I am stuck with the following problem: unet is expecting an encoder_hidden_states with a 768 dimension, but the image_encoder hidden layer is (257,1024). How can I condition the unet using these image encoder hidden states?

1 Like

I am trying to run stable diffusion notebook on colab. While running the notebooks I am getting error on this line as shown below:

Can anyone help here?
Do I have to buy colab pro to fix this ?

No - read the error carefully. It tells you what you need to run to fix the problem. Let us know what you find!

I ran pip install accelerate as suggested here in one cell above this but I am still getting the same error as shown below:

I think this is resolved. I had to agree to the terms and conditions of the hugging face website “CompVis/stable-diffusion-v1-4 · Hugging Faceto fix this.

Thanks a Lot

Am a bit late to the party, catching up on the lessons now!

Has anyone ever done local diffusion? i.e. Only changing a small part of the image based on the prompt. Often a change to small part of an image can change its interpretation e.g., a small part of a persons face such as their mouth or eyes can control how their feelings are interpreted.
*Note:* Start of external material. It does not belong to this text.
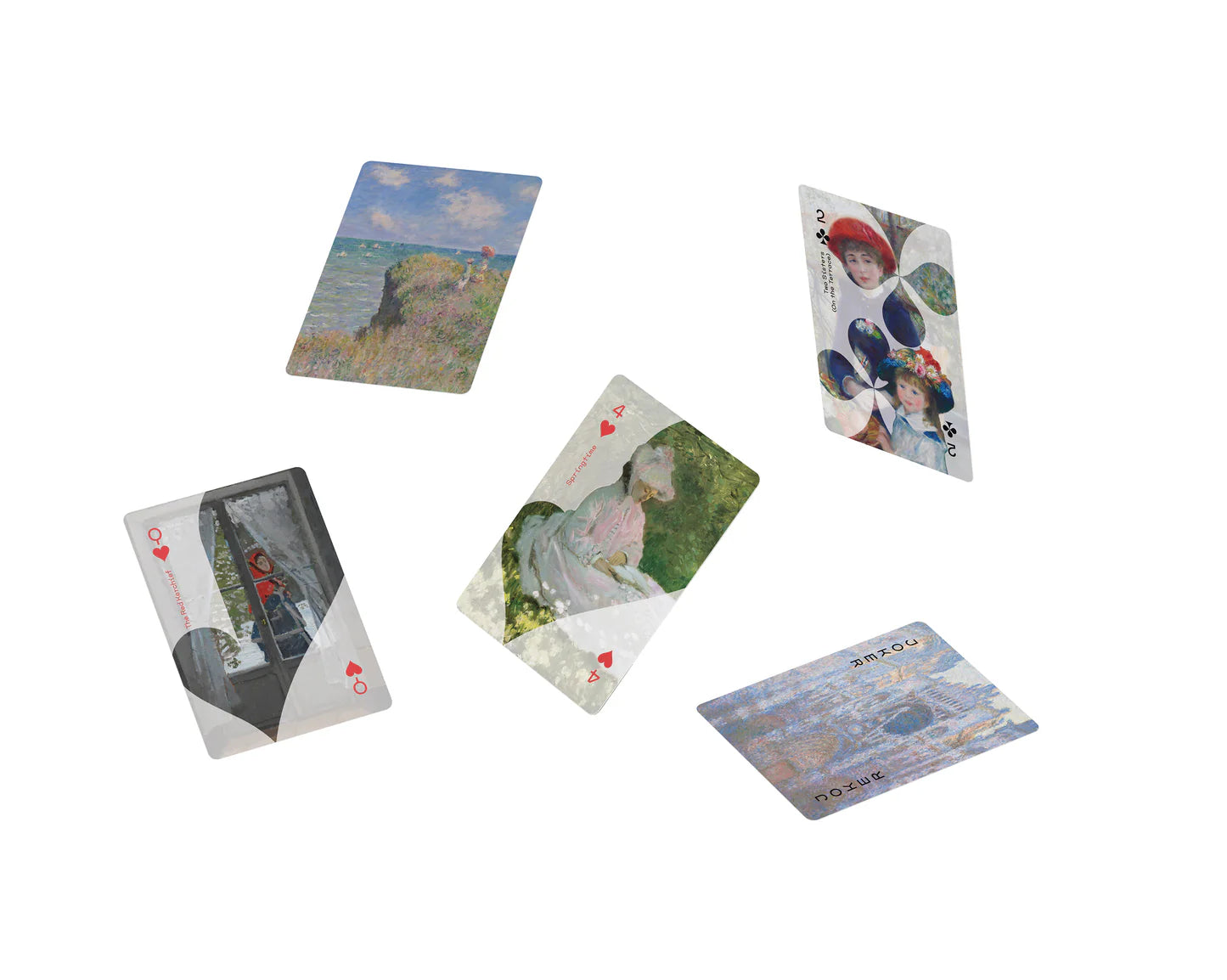 POM Impressionism Playing Cards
It would be interesting to take a few pictures of someone with a neutral expression, fine-tune using textual inversion or dreambooth, and see if you can flip the person’s expression with a prompt strongly conditioned by the original image. E.g., Can we make the same person’s face look happy without changing much else in the photo. Feels like it would be an interesting experiment to understand how much these large models are able to understand the key information in the prompt.